Having climbed the standing start to Sunset Arete (V9)—sometimes five times in a row—Lisa nevertheless fell from the final crux each time she attempted the sit start, Nutsa (V12). This was an addictive obsession, but sadly, her time abroad was limited as always. Here she delivers a goodbye kiss. But we'll be back!
A bumpy half-hour drive took us to the tiny town of Clanwilliam—a couple of strips of paved road surrounded by rooibos (an herbal tea only grown in the Cederberg region of South Africa) and adjacent reservoir, and connected to Cape Town by a smooth highway. There, a few old colonial buildings added a pinch of character to the more typical dusty concrete boxes along the short main street. We’d make regular visits to the grocery store and the stone-built Oliphantshuis restaurant for delicious grilled steaks, gourmet pizza, beer and wine.
The Rhino (V7), one of the most astonishing boulder problems at Rocklands, distracted us from putting up lines of our own. This preposterous cantilever of rock calls for an extraordinary sequence of moves beginning at the back with squeezes on slopers before moving around the far side to good incuts and a punch for finishing jugs.

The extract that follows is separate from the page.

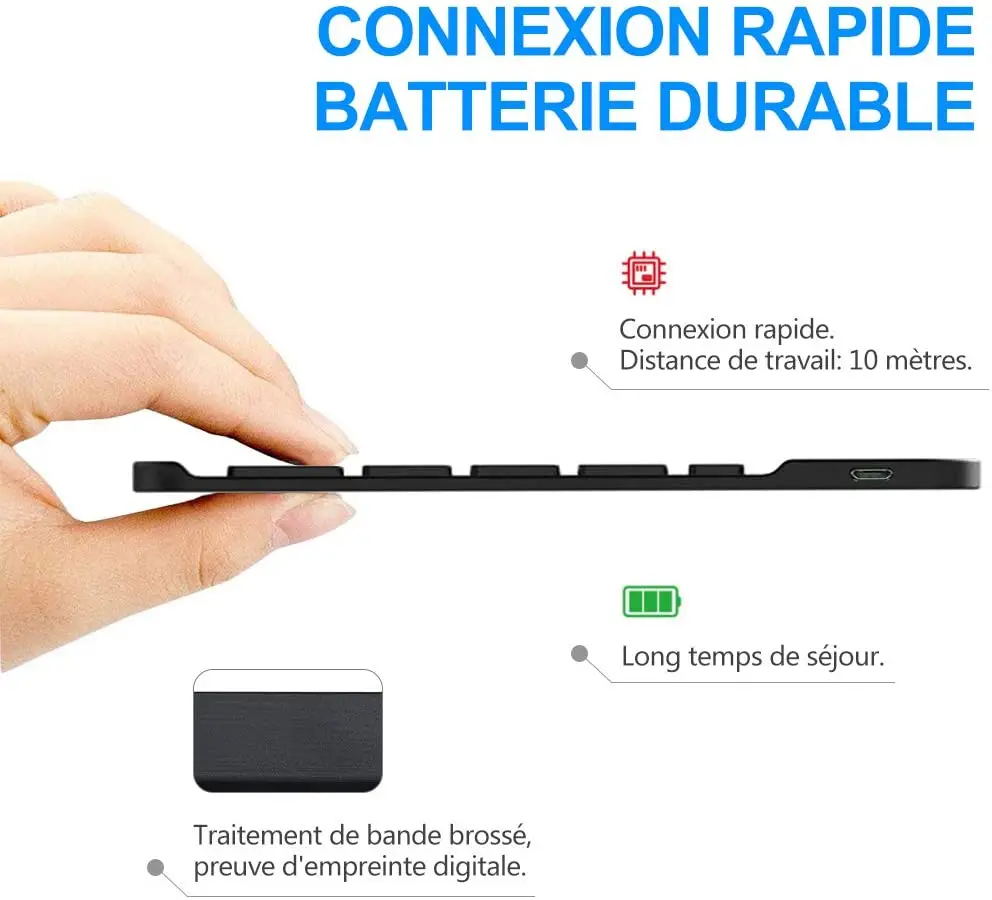 Клавиатура Zienstar AZERTY аккумуляторная с поддержкой Bluetooth и светодиодный Ной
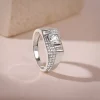 Silver Regal Square Ring For Him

From a parking spot at the top of the pass on the main road to Clanwilliam, a half-hour hike along a jeep track took us to the so-called Roadside Area and Rocklands’ greatest concentration of developed bouldering. Andy Raether, one of America’s foremost sport climbers, displayed a deft hand at cooking fried eggs and potato with avocado, and a simply shocking ability for consuming the same. Raether was also a driving force in the search for new problems, dispatching both the line shown in this picture with its v5/6 mantel to start and the one on the prow to its left—two stellar new highballs, previously overlooked on the typical immaculate, well-featured stone.
At least 20,000 years before potatoes arrived, the San people, also known a little derisorily as Bushmen, lived a Stone Age existence throughout southern Africa. They never settled down to farm as those who moved into the area, whether blacks or whites, were later to do. Perhaps since the earliest times, and at least for the last few thousand years they produced hundreds of mesmerizing tableaux of art on cave walls. With more images per square mile than anywhere else in the world, discovering them is one of the special pleasures of exploring the Cederberg region. The paintings are believed to have often been associated with religious or shamanic ceremonies in attempts to gain supernatural power over animals or to bring rain. The precise age of the art is unclear, and although some images may be as recent as the late nineteenth century. Similar art in Namibia to the north has been dated to 27,000 years old.
On our last day at Rocklands the weather turned cold and repeated showers dampened hopes of sending that one last line. Lisa (the purple dot of her down jacket is visible in the lower right corner of this image), was still hoping to find that symbolic pot of gold at the end of the rainbow. Visiting French climbers also persevered as the low northern sun shone out above a tide of rolling clouds that receded briefly before welling up in the west and southern sky.
Slab climbing was one aspect of the Rocklands inventory that seemed under-developed and the opportunities were alluring, abundant and varied. Here, Andy Raether makes a repeat of a sweeping gold-streaked wave The Quagga (V2), first climbed a few hours before. Led in by some easy long moves on positive footholds, Raether soon reached the upper crux where the edges vanished, forcing a confident approach high up on the grip-tape-like surface.
A quarter-mile of immaculate golden cliff untouched by climbers, came to a turning point at this hanging arete, providing an easy steal for the Sassie House. Because the first ascensionist used a leap to gain the break at the start, we referred to the line as Jump Start (V4/5). No cleaning was necessary on this, nor most other first ascents in the area. Bouldering simply doesn’t get any better.
The beauty of the Rocklands area owes almost as much to the variety of flowering plants as to the rocky landscape. During spring the proteas of the area explode with ruby, pink, or purple blooms, while dense swathes of African daisies coat the lower elevations creating a tourist attraction of their own. Here, Lisa climbs a V2 in the Roadside Area.
Things to do in South Africa: Walk up to a prominent feature like this at an area no climber has ever explored, and make a ground-up first ascent. Chuck Fryberger’s initial attempt on this 25-foot line left him with a strained ankle from a long fall. But Fryberger—with a pedigree of highball repeats and first ascents across the States—is not shy of tackling giant lines, and two weeks later, ankle recovered, he returned and flew through the moves, which included a heart-in-mouth slap for a sloper below the top.